Repeat, please, exactly the lines from the one that has "Comfort and Design" through the end of the records below, with pictures dropped.

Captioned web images
Segment Open

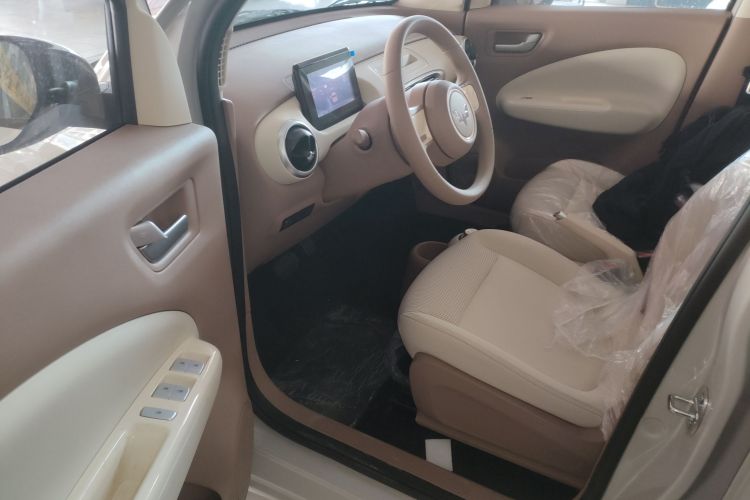 五菱汽车 宏光MINIEV 2025款 四门版 进阶款中控内饰20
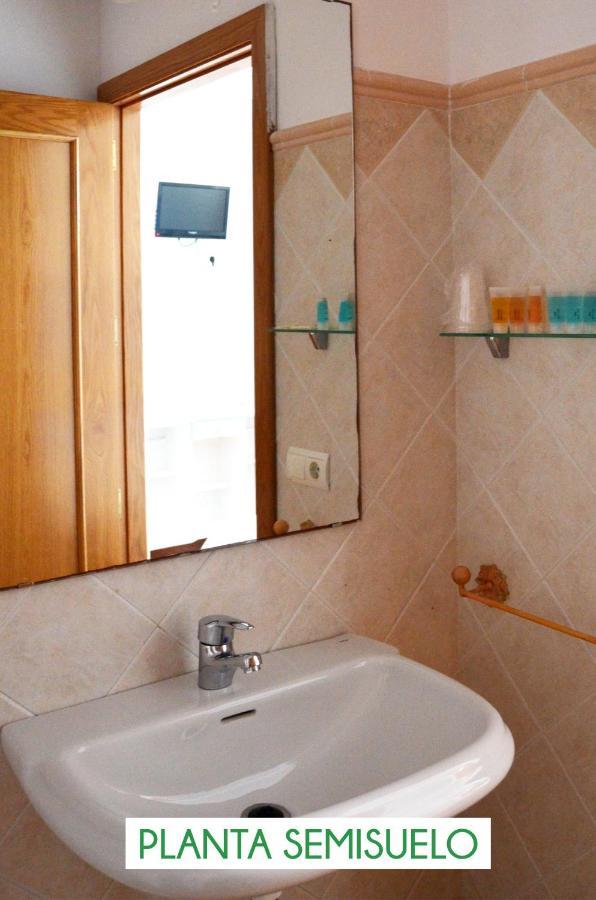 Hostal Dona Antonia Hotell Punta Umbría Eksteriør bilde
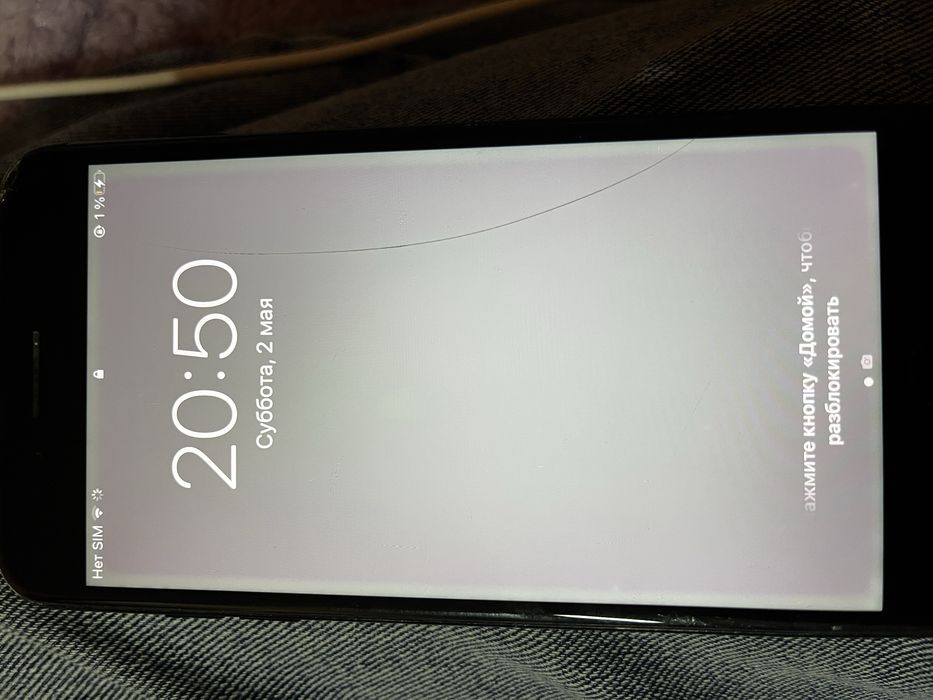 Айфон 7+, продам
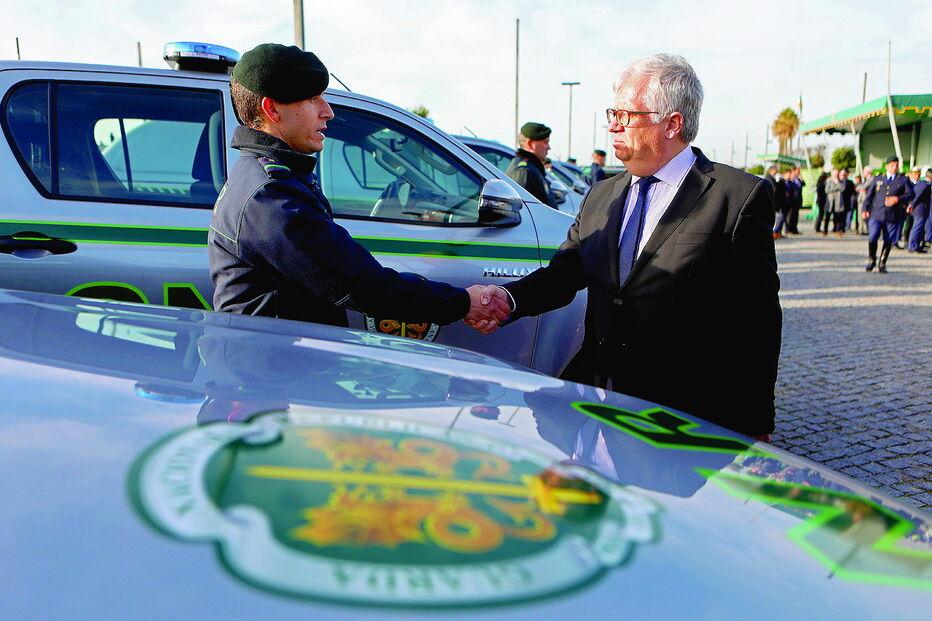 Ministro Eduardo Cabrita fez a entrega das novas viaturas na segunda-feira   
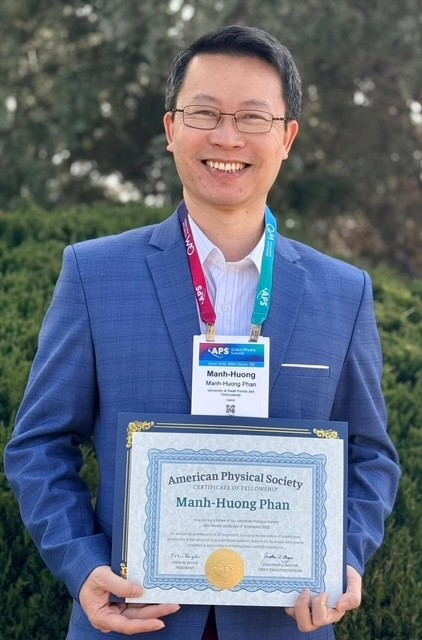 Dr. Manh-Huong Phan with the APS award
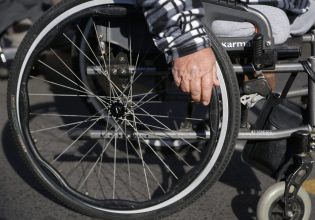 ΟΠΕΚΑ: Αυξάνονται 8% τα αναπηρικά επιδόματα – Τα νέα ποσά
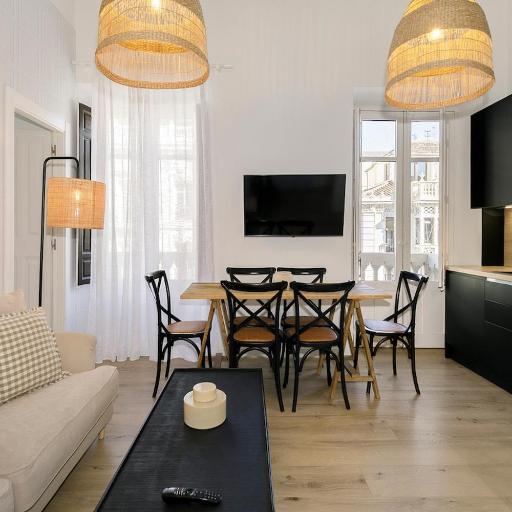 Comfort and Design en Gran Via de Colón, undefined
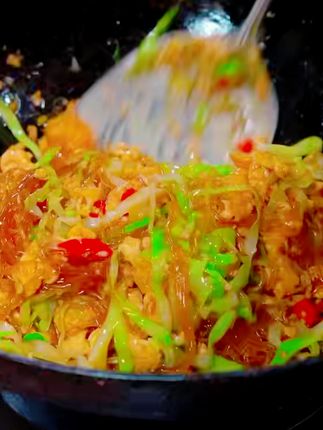 家宴必备!康西爷纯红薯粉条,地道河南味儿! 今天又做了两锅菜,都是家常小炒,味道不错!喜欢吃的宝子们快试试吧!#河南特产 #康西爷 #纯红薯粉条 #粉条 #美食分享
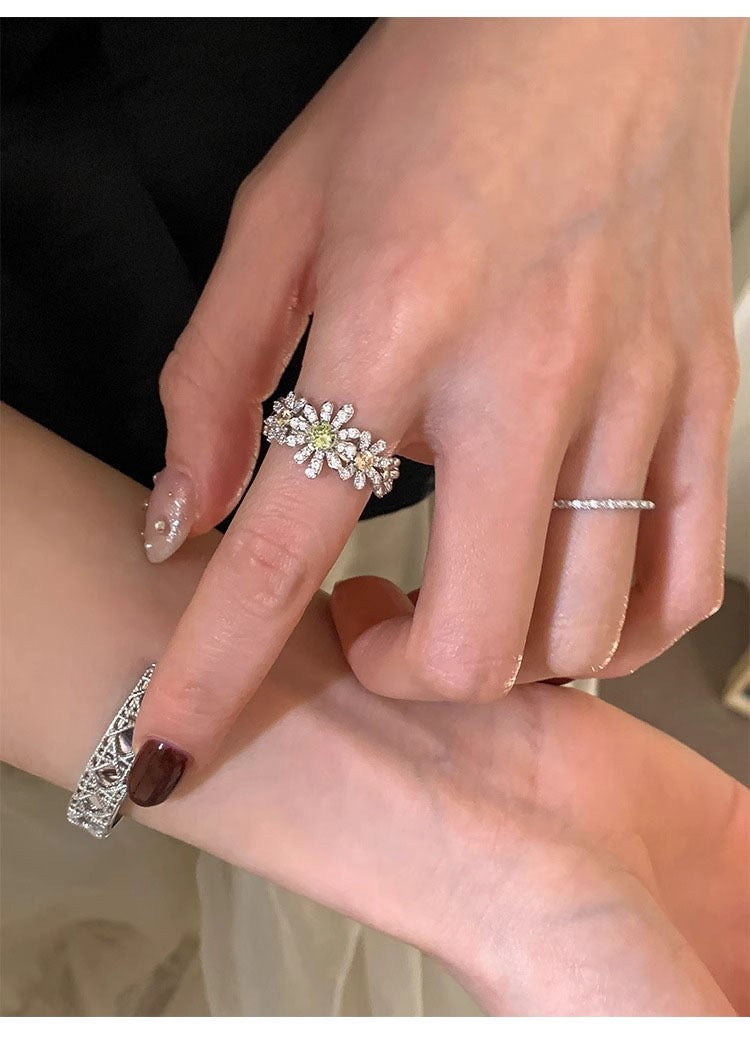 Daisy Bloom Ring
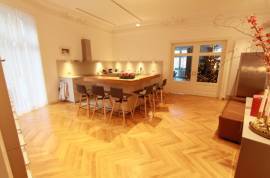 High-End Altbau WG auf 300qm, nahe Bayerischer Platz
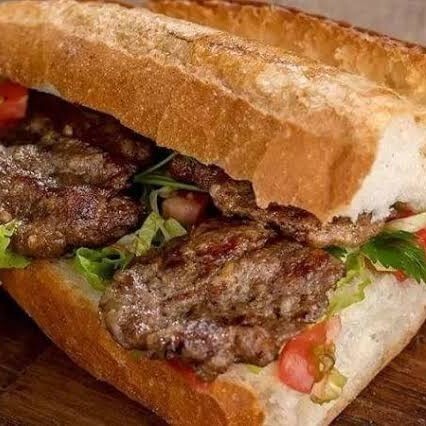 Yarım Köfte Ekmek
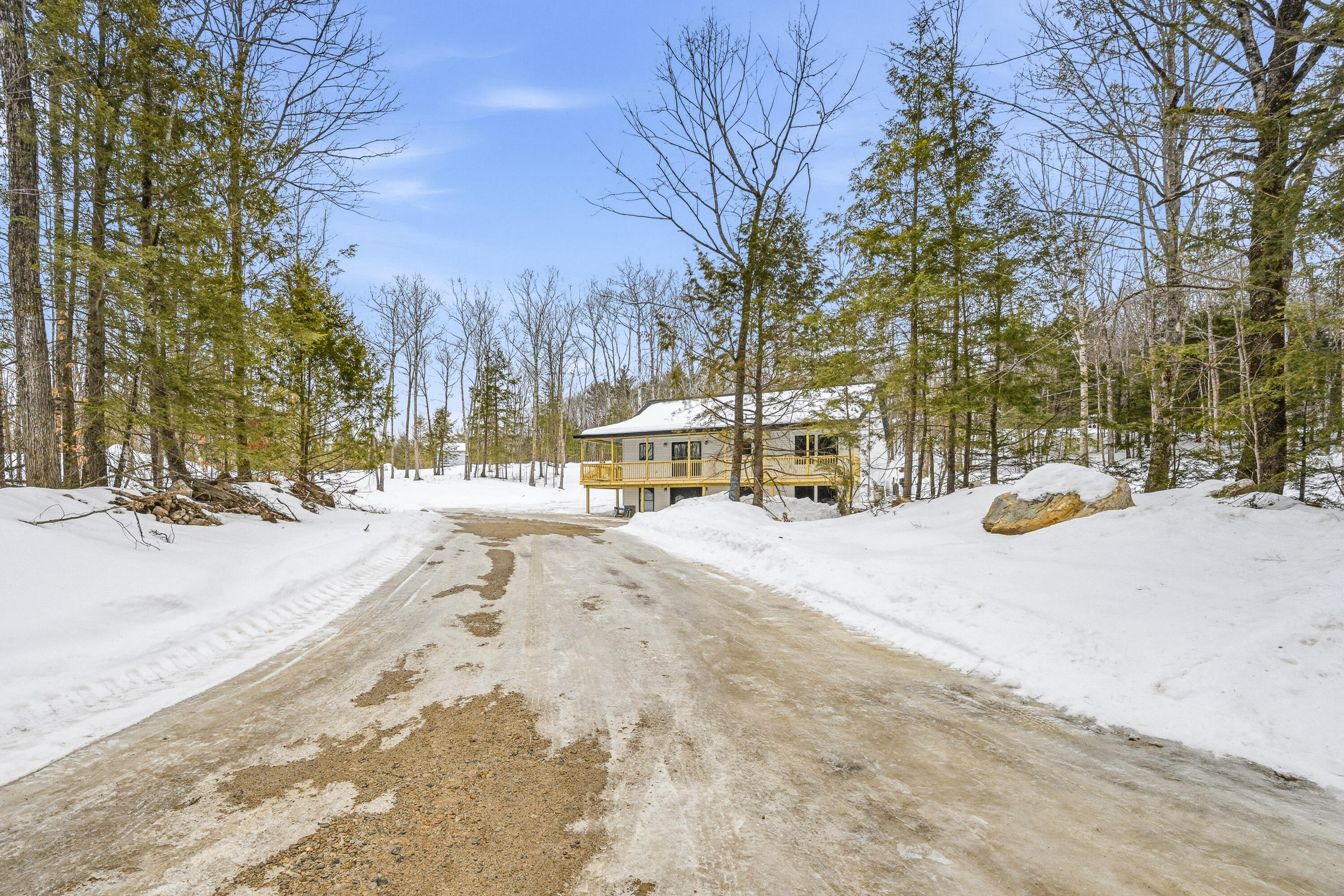 102 Noble Road Oxford ME 04270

Segment Closed

| Written answer |
 Comfort and Design en Gran Via de Colón, undefined
 家宴必备!康西爷纯红薯粉条,地道河南味儿! 今天又做了两锅菜,都是家常小炒,味道不错!喜欢吃的宝子们快试试吧!#河南特产 #康西爷 #纯红薯粉条 #粉条 #美食分享
 Daisy Bloom Ring
 High-End Altbau WG auf 300qm, nahe Bayerischer Platz
 Yarım Köfte Ekmek
 102 Noble Road Oxford ME 04270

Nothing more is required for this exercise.